The combined company will conservatively have a pro forma 2012 revenue base of more than $600 million, after adjusting for the currently proposed lower U.S. government fiscal year 2013 EnhancedView funding plan. As a result, the combined company would therefore have better revenue certainty, lower dependence on the U.S. government as a source of revenue, a higher percentage of commercial and international revenue, and be well positioned for future growth.

At close, the combined company is expected to have a constellation of five earth observation satellites and a broad suite of high-value geospatial production and analytic services. The combined company will also have two state-of-the-art satellites under construction, WorldView-3 and GeoEye-2. Over time, the combined company plans to maintain an optimized three-satellite constellation that will meet the needs of the U.S. government, international governments and commercial customers, while delivering better returns to shareowners. Taken together with other operating efficiencies, the net present value of future savings is estimated to be more than $1.5 billion.

By bringing the two companies together, this combination will enable the U.S. government to meet the requirements of the EnhancedView program at substantial savings to the U.S. taxpayer. In addition to the compelling savings, the U.S. government and other customers will benefit from an optimized constellation and better integrated imagery collection, processing and analytics. In return, shareowners should reasonably expect a more stable and predictable funding environment. The combination will deliver extraordinary value to customers around the globe. By bringing together the imagery collection, processing and analytic capabilities of both companies, it will be better able to serve a wide range of customer needs and compete in a high-growth and dynamic global market.

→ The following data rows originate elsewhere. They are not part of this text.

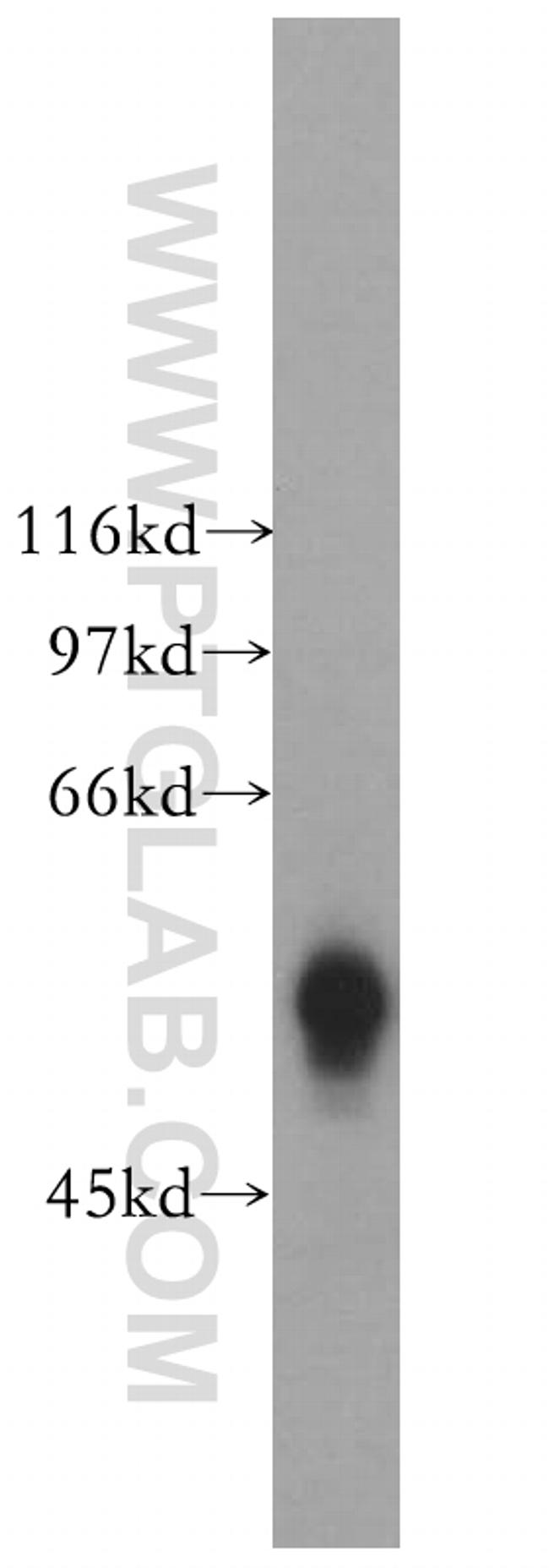 GK5 Antibody in Western Blot (WB)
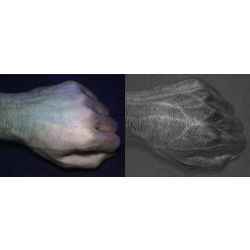 Compared to an image taken with a normal camera (left), a HyperCam image (right) reveals detailed vein and skin texture patterns that are unique to each individual.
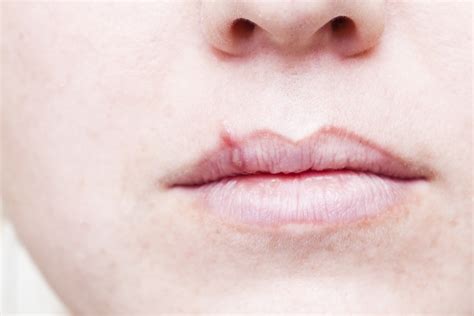 Cold Sores In Mouth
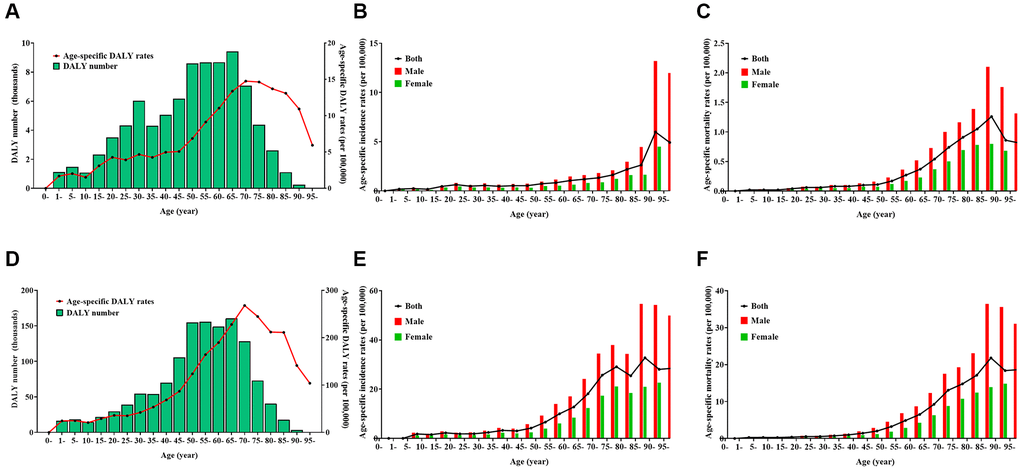 Burden of Hodgkin lymphoma (HL) and non-Hodgkin lymphoma (NHL) by age and sex in 2019. (A) number and age-standardized rates of disability-adjusted life years for HL, (B) age-standardized incidence rates for HL, (C) age-standardized mortality rates for HL, (D) number and age-standardized rates of disability-adjusted life years for NHL, (E) age-standardized incidence rates for NHL, (F) age-standardized mortality rates for NHL.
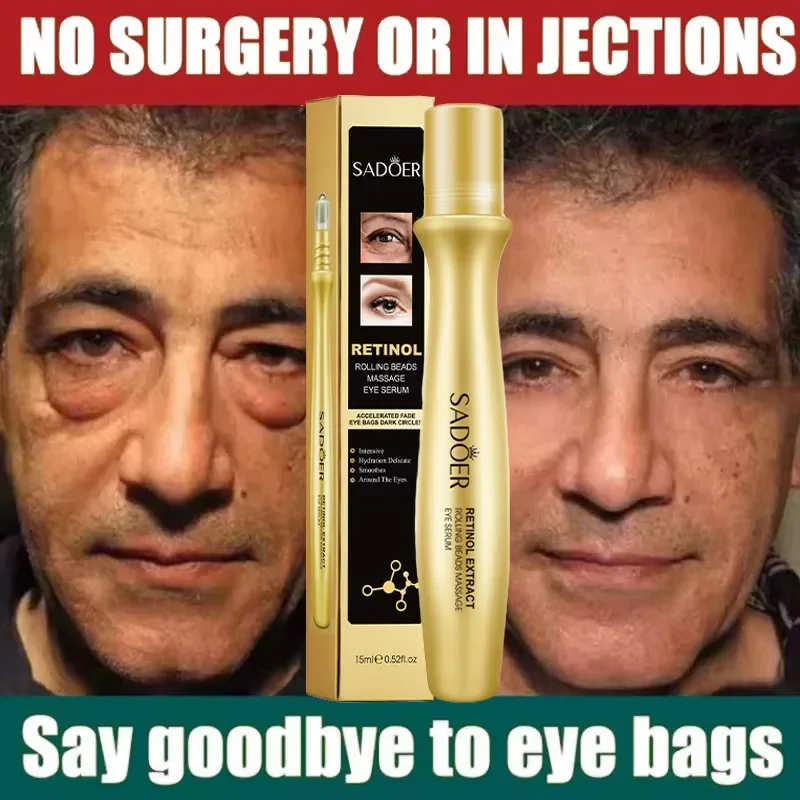 Instant Eye Bag Removal Rolling Beads Massage Serum Retinol Anti-Wrinkle Firm Skin Anti Dark Circle Puffiness Brighten Eye Care
Instant Eye Bag Removal Rolling Beads Massage Serum Retinol Anti-Wrinkle Firm Skin Anti Dark Circle Puffiness Brighten Eye Care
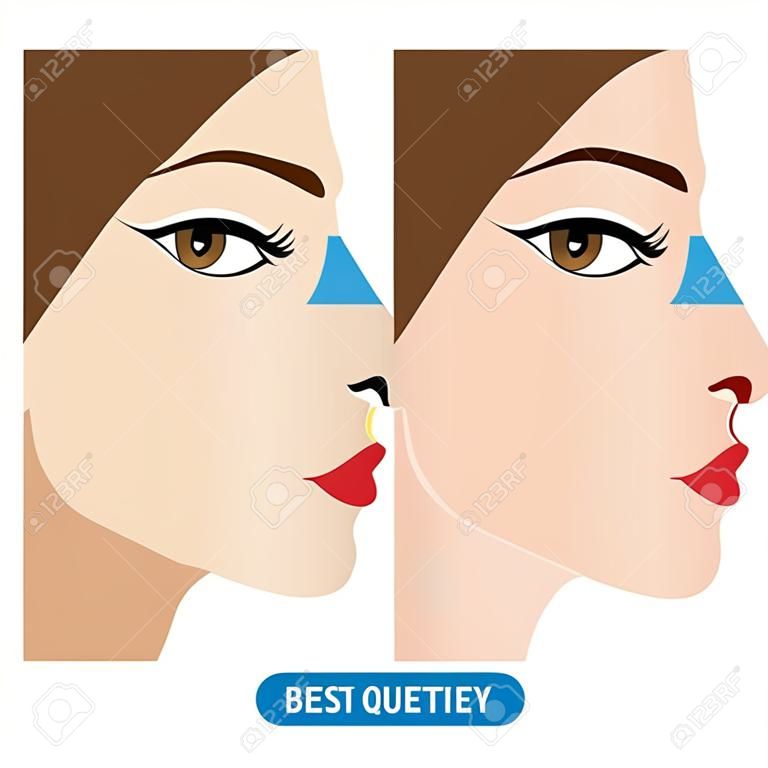 鼻子美容手術，隆鼻矢量圖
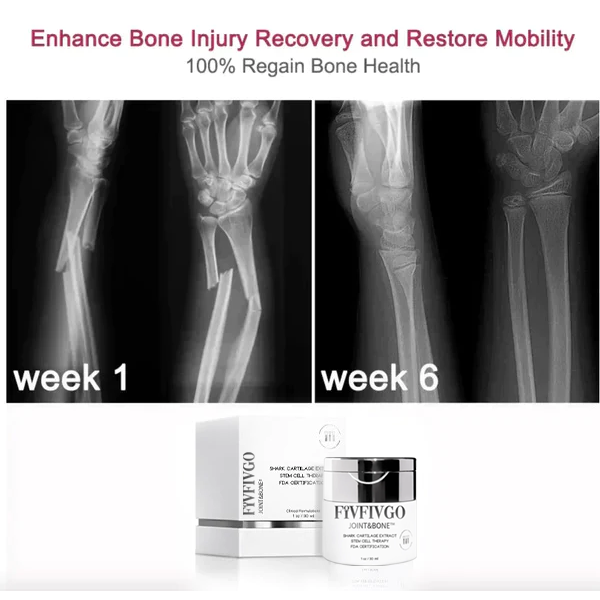 Fivfivgo™ Joint&Bone Haifischknorpel-Stammzellencreme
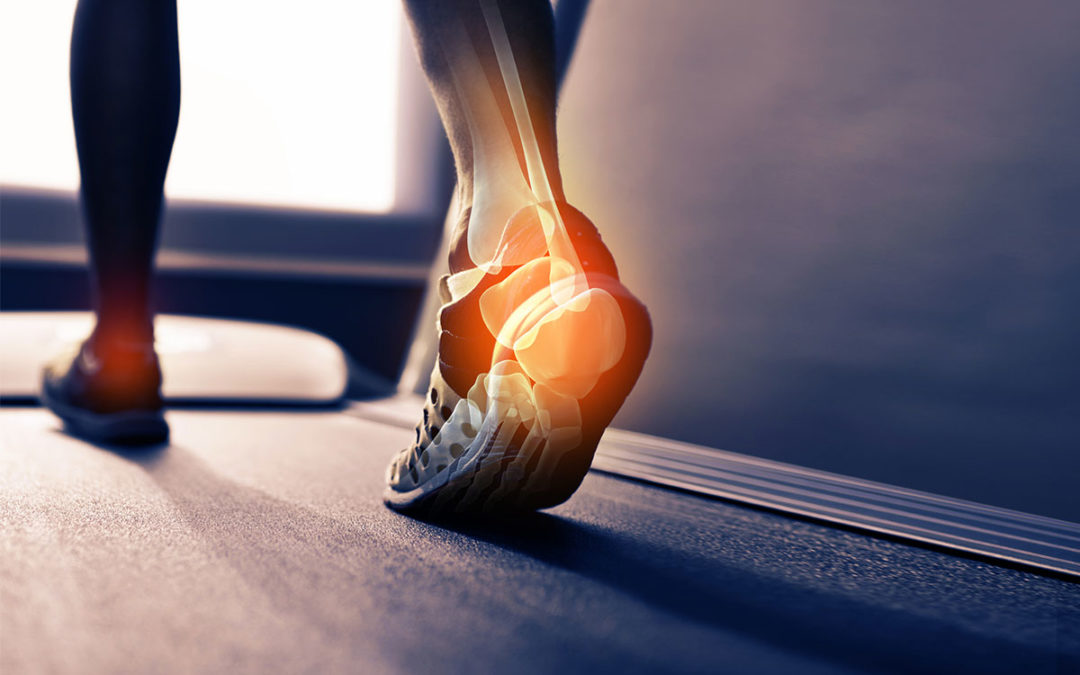 Prevent orthopedic injuries by choosing the right shoes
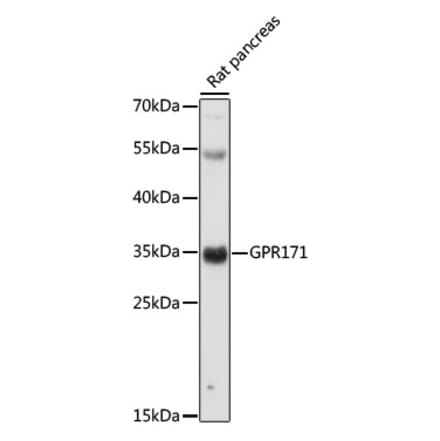 Western Blot - Anti-GPR171 Antibody (A89332) - Antibodies.com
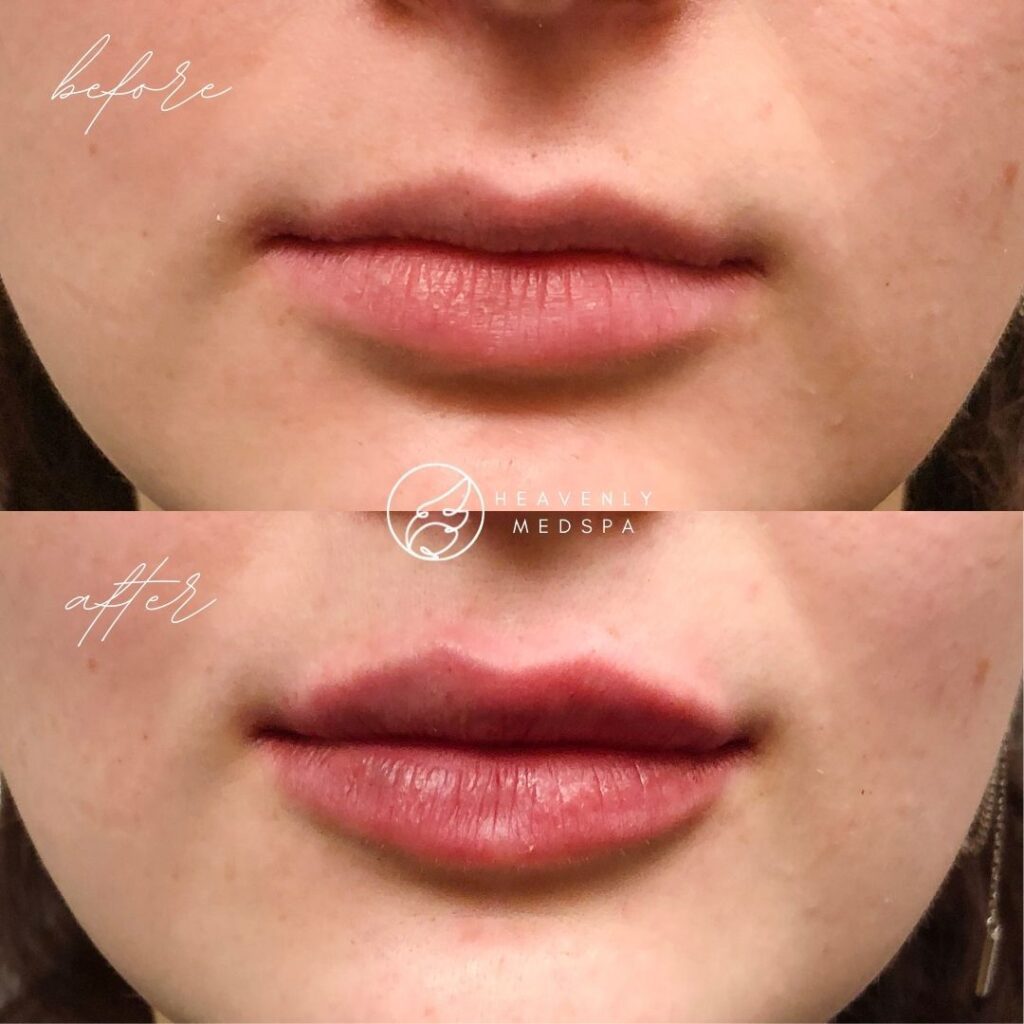 lip filler, dermal filler, lip filler orange county, lip filler foothill ranch, lip filler lake forest, nurse injector, medspa, medspa lake forest, lip filler medspa, lip filler before and after, revanesse versa, versa before and after, lip filler before and after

DigitalGlobe has secured a $1.2 billion fully committed financing from Morgan Stanley Senior Funding, Inc. and The Bank of Tokyo-Mitsubishi UFJ, Ltd. to refinance the combined company’s outstanding debt. The transaction, which is expected to be completed in the fourth quarter of 2012 or the first quarter of 2013, is subject to the satisfaction of customary closing conditions, including the receipt of requisite regulatory approvals and approval from GeoEye shareowners with respect to the merger and from DigitalGlobe shareowners with respect to the issuance of DigitalGlobe common stock in the merger. GeoEye’s largest shareowner, Cerberus Capital Management, L.P. (“Cerberus”), and its Chairman and CEO each have agreed to vote in favor of the merger, and DigitalGlobe’s largest shareowner, Morgan Stanley Principal Investments, Inc., and its Chairman and CEO each have agreed to vote in favor of the issuance of DigitalGlobe common stock in the merger. Cerberus intends to continue its investment in the combined company, and may purchase shares of DigitalGlobe in advance of the closing of the transaction. Cerberus has agreed to vote those shares with the board of directors and has entered into a standstill agreement with DigitalGlobe in which their ownership in the combined company will be capped at 19.9 percent. One of GeoEye’s board designees will be put forth by Cerberus.